Dua hari kemudian, rasa cemas masih membayangi Hening. Ia melangkah keluar dari kelas dengan kepala penuh kekhawatiran, jemarinya menggenggam erat tali tasnya, seolah mencari pegangan di tengah pikirannya yang kacau. Berbagai kemungkinan buruk berputar di benaknya—bayangan tentang apa yang mungkin dilakukan Bara setelah perdebatan mereka. Ia tahu betul sifat lelaki itu—posesif, terlalu protektif, dan selalu ingin mengendalikan segalanya. Namun kali ini, entah kenapa, perasaan was-was itu terasa lebih menekan dari biasanya.
Langkahnya terasa berat saat menyusuri koridor, seolah setiap tapak membawa beban yang semakin besar. Lalu, ponselnya bergetar di dalam tas. Hening berhenti sejenak, jantungnya berdegup lebih kencang. Ia ragu. Sesaat, ia enggan mengeluarkannya. Tapi getaran itu terus berulang, mendesak tanpa henti, seakan menuntut perhatiannya. Dengan napas tertahan, ia akhirnya membuka tas dan meraih ponselnya. Notifikasi pesan menyala di layar, dan jari-jarinya sedikit gemetar saat ia menyentuhnya.
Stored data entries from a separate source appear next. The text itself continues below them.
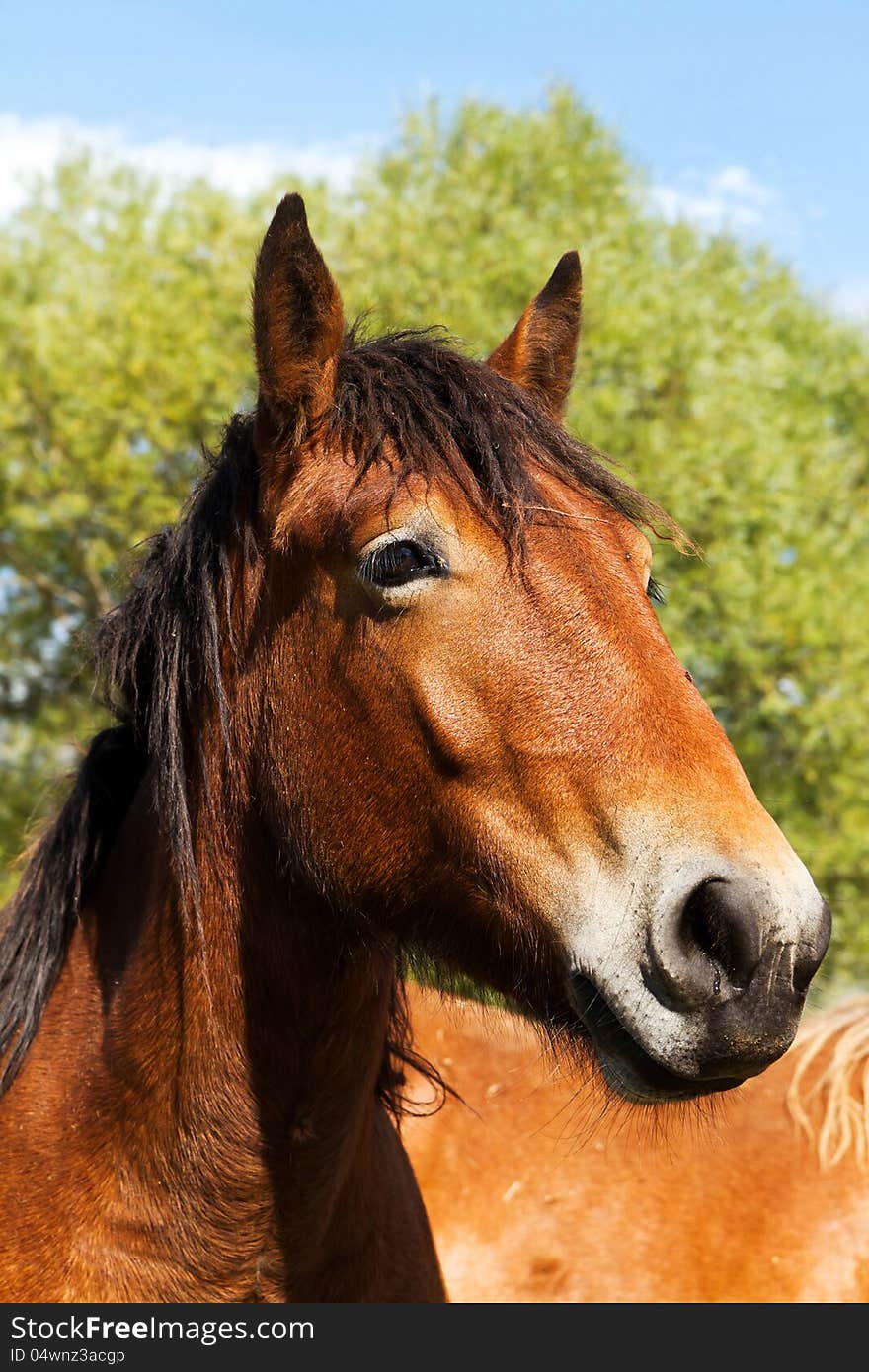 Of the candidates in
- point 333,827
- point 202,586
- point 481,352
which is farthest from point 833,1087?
point 481,352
Hening menelan ludah. Bahkan sebelum membuka pesannya, ia sudah tahu isinya.
| Kamu di mana?
Jari-jari Hening bergerak lambat di atas layar, mengetik balasan untuk Bara.
| Baru keluar kelas.
Ia mengembuskan napas pelan, mencoba menenangkan diri. Baru saja hendak menyimpan ponselnya kembali ke dalam tas, tetapi getaran lain menyusul. Kali ini lebih cepat—seolah pesan itu sudah siap bahkan sebelum ia sempat menarik napas.
| Aku di depan kampus. Cepetan ke
sini!
Hening menoleh ke gerbang kampus dan firasatnya benar—Bara berdiri di sana, bersandar di kap mobilnya dengan tangan terlipat di dada. Ia menatap lurus ke arahnya.
Sejak perdebatan mereka beberapa hari lalu, Bara semakin sering muncul tanpa diduga, seolah-olah selalu mengawasi setiap gerak-gerik Hening. Jika ia pulang lebih lama dari biasanya, Bara akan langsung menelepon. Dan jika ia terlambat membalas pesan, rentetan pertanyaan bernada menyalahkan langsung menyusul.
Hening menarik tali tasnya dengan gelisah lalu melangkah mendekat. Begitu sampai di depan Bara, pria itu langsung menginterogasi nya,
“Kok, jam segini baru keluar?”
“Abis diskusi kelompok,” jawab Hening singkat.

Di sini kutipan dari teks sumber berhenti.